§ **Task prompt**
An exact copy of every record below is needed, with the pictures left out.

§ **Records shown**
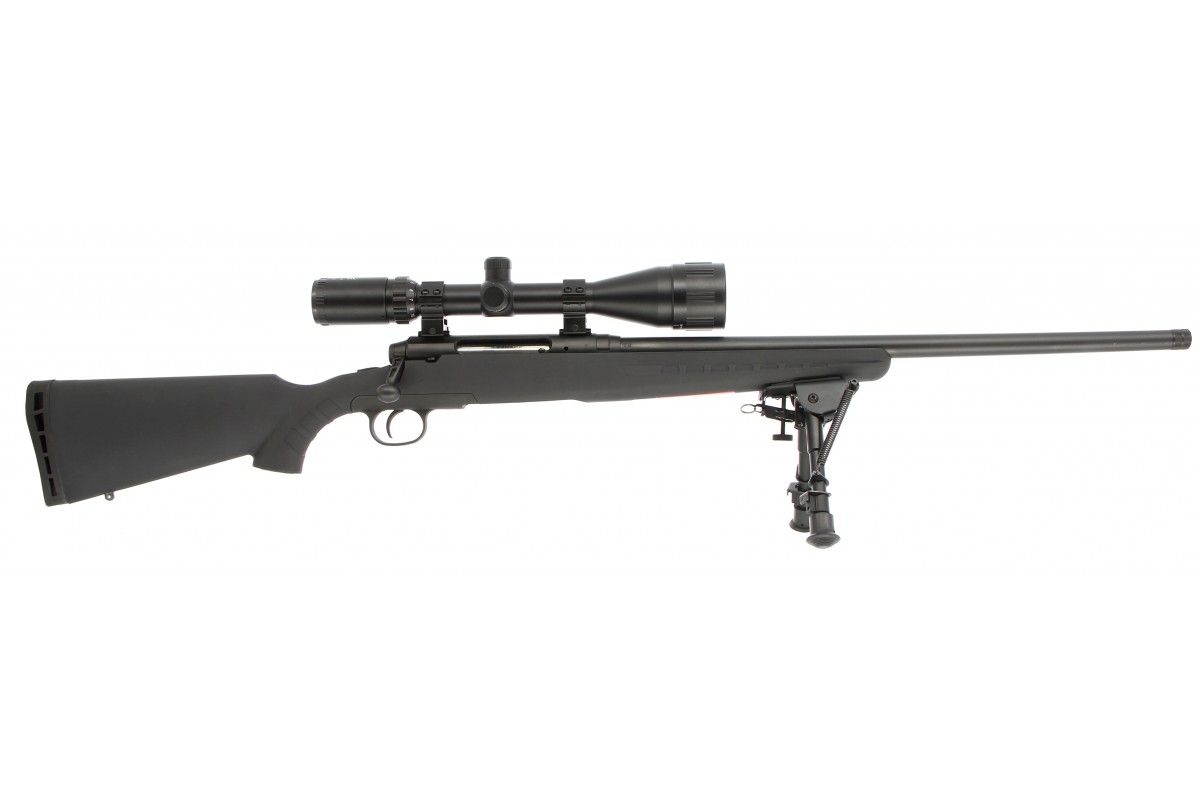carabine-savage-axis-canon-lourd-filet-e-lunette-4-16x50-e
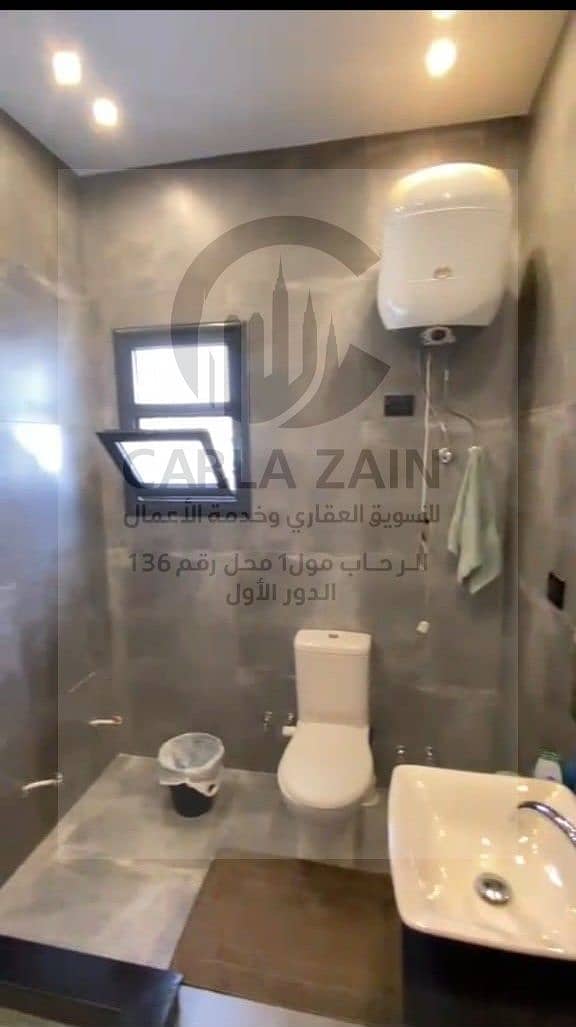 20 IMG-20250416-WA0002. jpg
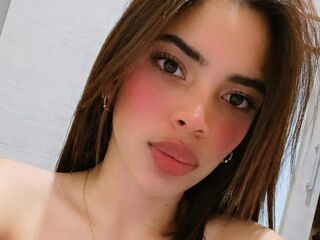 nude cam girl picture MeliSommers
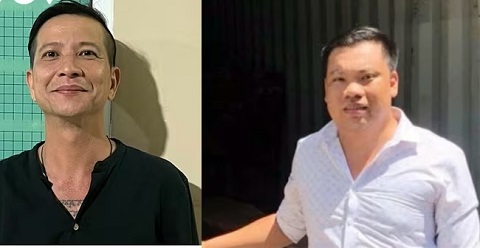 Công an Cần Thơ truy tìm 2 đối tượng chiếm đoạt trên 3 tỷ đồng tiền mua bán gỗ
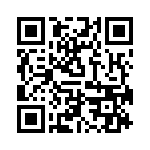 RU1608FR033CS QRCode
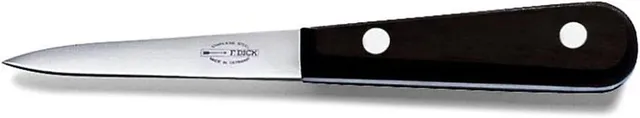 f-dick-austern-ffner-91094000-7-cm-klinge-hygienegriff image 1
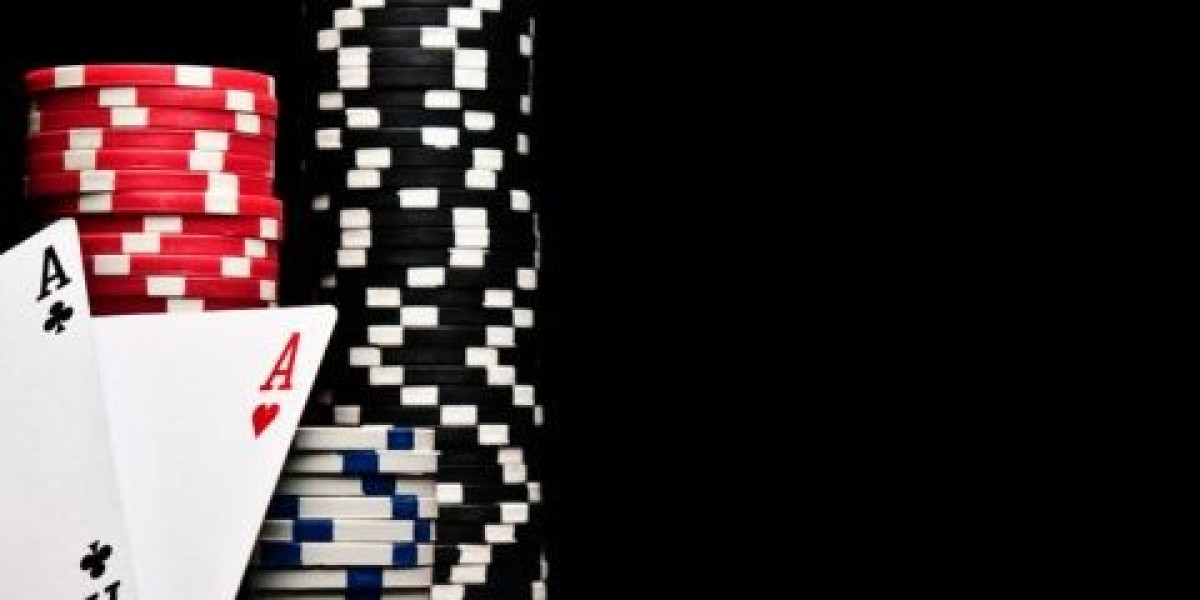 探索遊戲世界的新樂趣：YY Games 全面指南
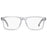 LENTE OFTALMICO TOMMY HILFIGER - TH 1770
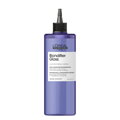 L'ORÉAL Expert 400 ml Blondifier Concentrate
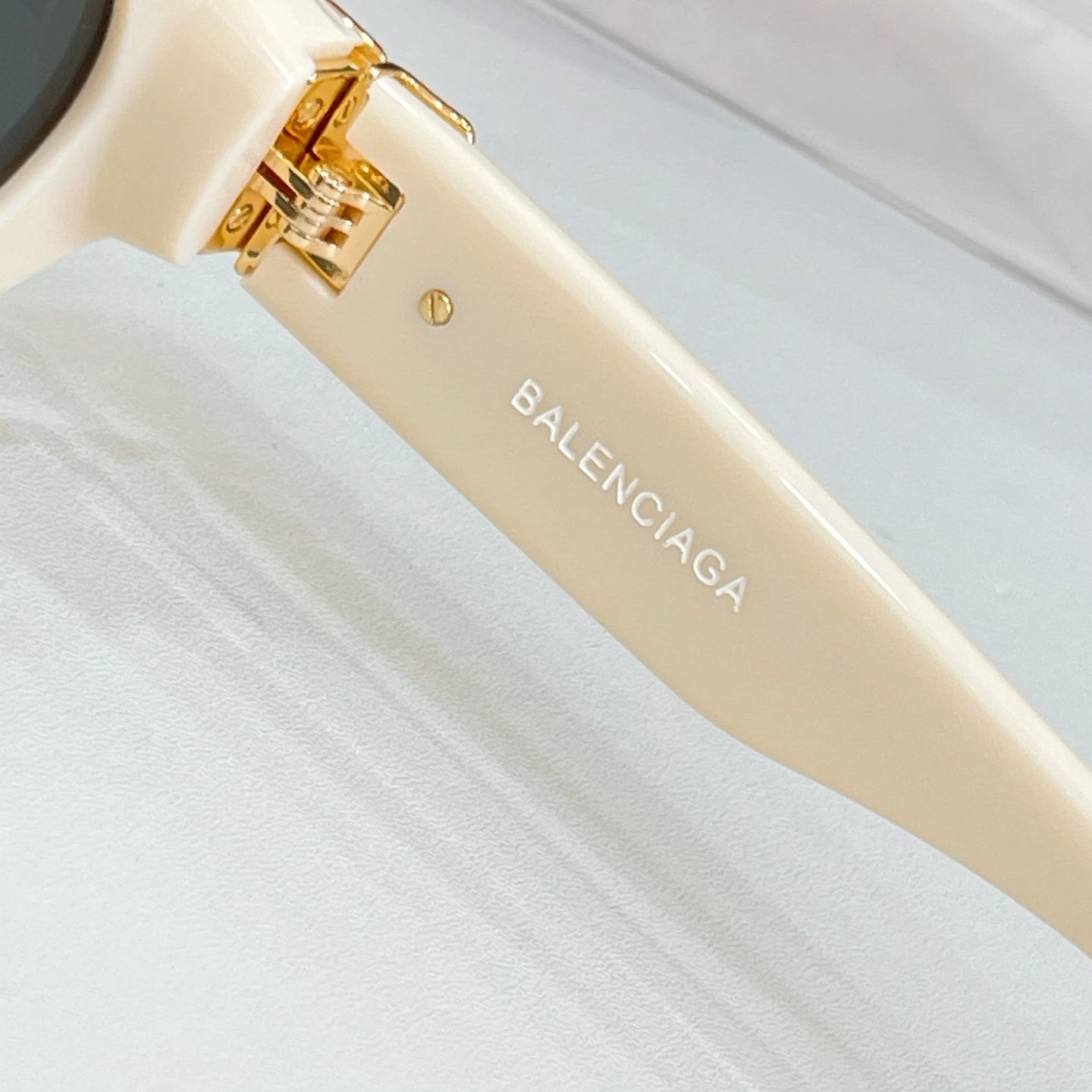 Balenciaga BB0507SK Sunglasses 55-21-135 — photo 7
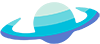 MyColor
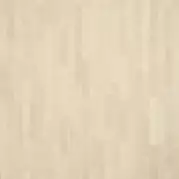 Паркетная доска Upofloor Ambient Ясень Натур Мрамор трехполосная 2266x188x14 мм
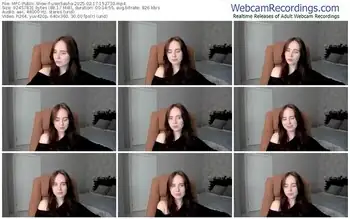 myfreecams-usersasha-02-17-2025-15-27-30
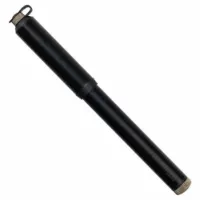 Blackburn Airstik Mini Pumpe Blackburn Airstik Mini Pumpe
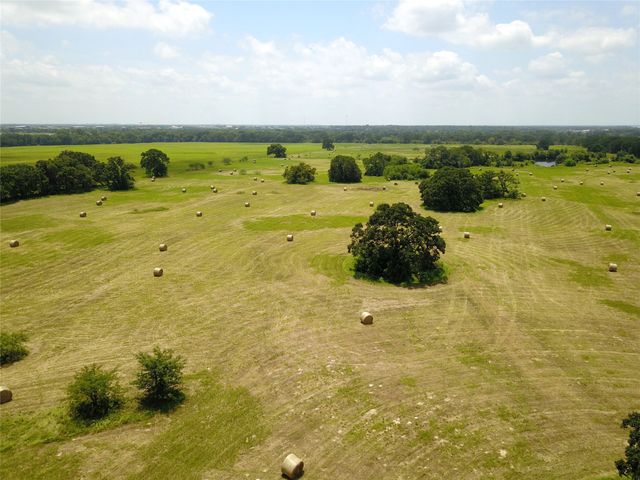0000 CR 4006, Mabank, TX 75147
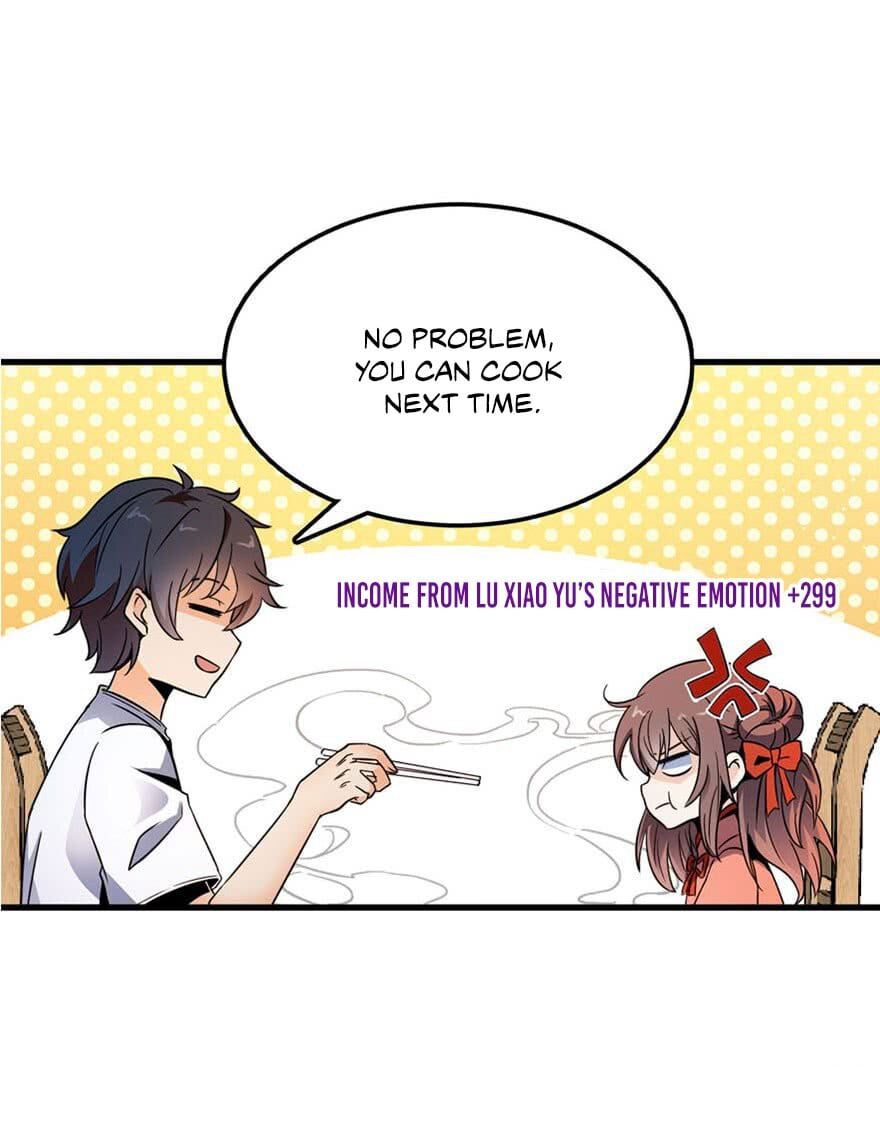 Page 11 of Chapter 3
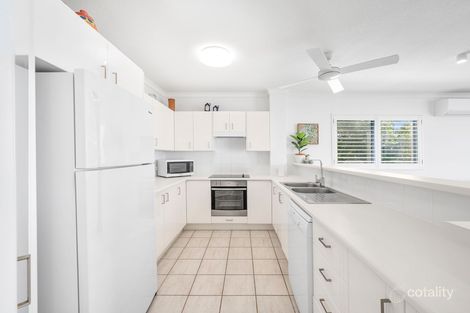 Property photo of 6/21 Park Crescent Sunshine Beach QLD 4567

§ **Solution to the exercise**
carabine-savage-axis-canon-lourd-filet-e-lunette-4-16x50-e
 20 IMG-20250416-WA0002. jpg
 nude cam girl picture MeliSommers
 Công an Cần Thơ truy tìm 2 đối tượng chiếm đoạt trên 3 tỷ đồng tiền mua bán gỗ
 RU1608FR033CS QRCode
 f-dick-austern-ffner-91094000-7-cm-klinge-hygienegriff image 1
 探索遊戲世界的新樂趣：YY Games 全面指南
 LENTE OFTALMICO TOMMY HILFIGER - TH 1770
 L'ORÉAL Expert 400 ml Blondifier Concentrate
 Balenciaga BB0507SK Sunglasses 55-21-135 — photo 7
 MyColor
 Паркетная доска Upofloor Ambient Ясень Натур Мрамор трехполосная 2266x188x14 мм
 myfreecams-usersasha-02-17-2025-15-27-30
 Blackburn Airstik Mini Pumpe Blackburn Airstik Mini Pumpe
0000 CR 4006, Mabank, TX 75147
 Page 11 of Chapter 3
 Property photo of 6/21 Park Crescent Sunshine Beach QLD 4567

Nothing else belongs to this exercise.